== COLLECTED DATA

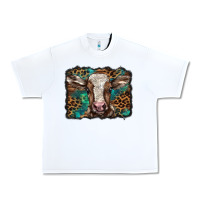 White Christmas background baby calf Urban Heavy Tee - BarkalooDesign
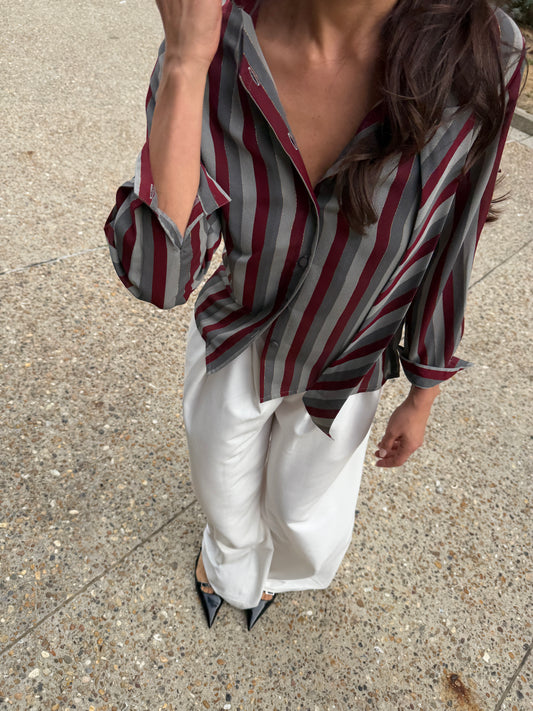 Balmain Tie Blouse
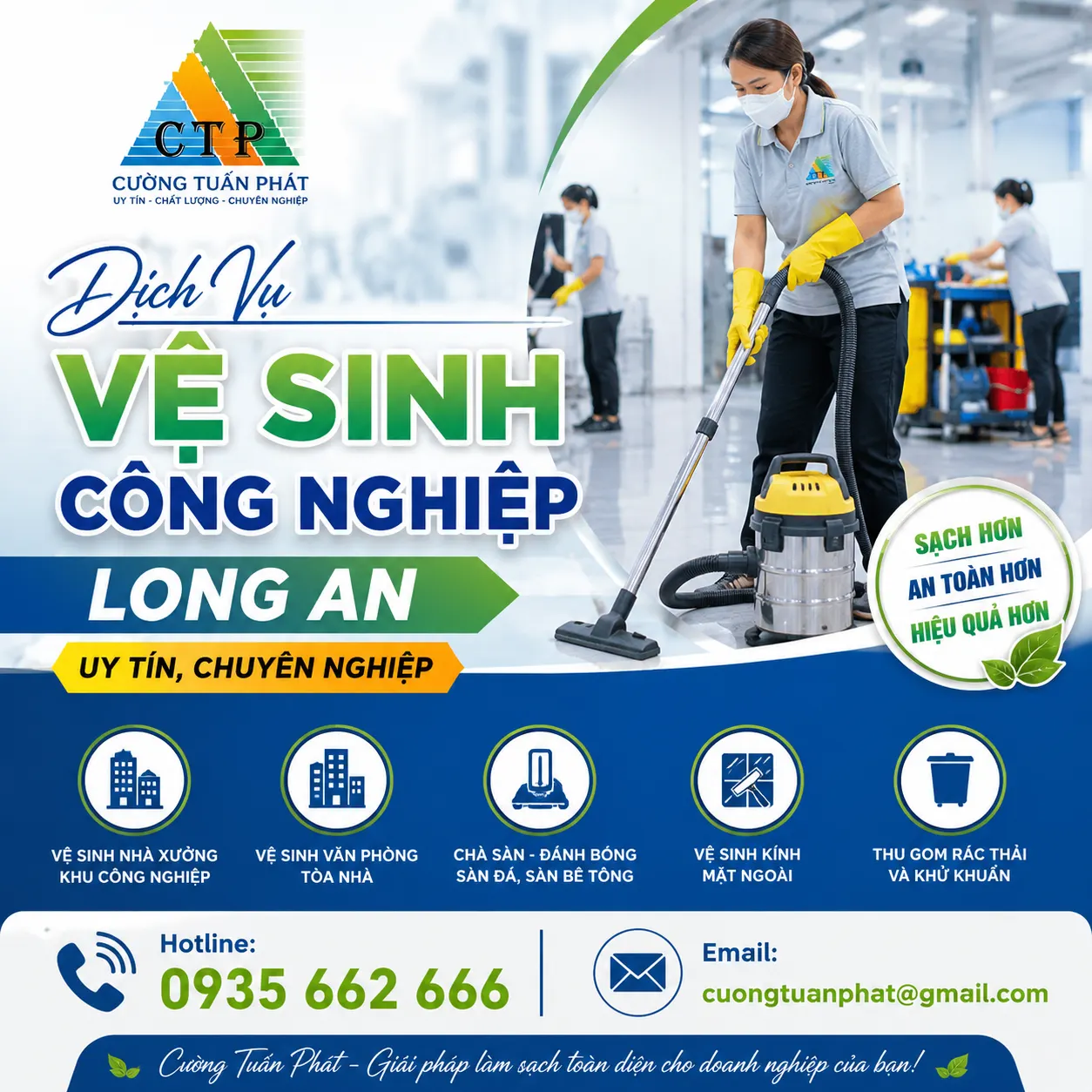 Dịch Vụ Vệ Sinh Công Nghiệp Long An Uy Tín, Chuyên Nghiệp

====

### YOUR OBJECTIVE
What is needed is a word-for-word restatement of the lines from the one holding "Balmain Tie Blouse" to the final line of the data above, inclusive, without any pictures.

### RESPONSE TO THE TASK
 Balmain Tie Blouse
 Dịch Vụ Vệ Sinh Công Nghiệp Long An Uy Tín, Chuyên Nghiệp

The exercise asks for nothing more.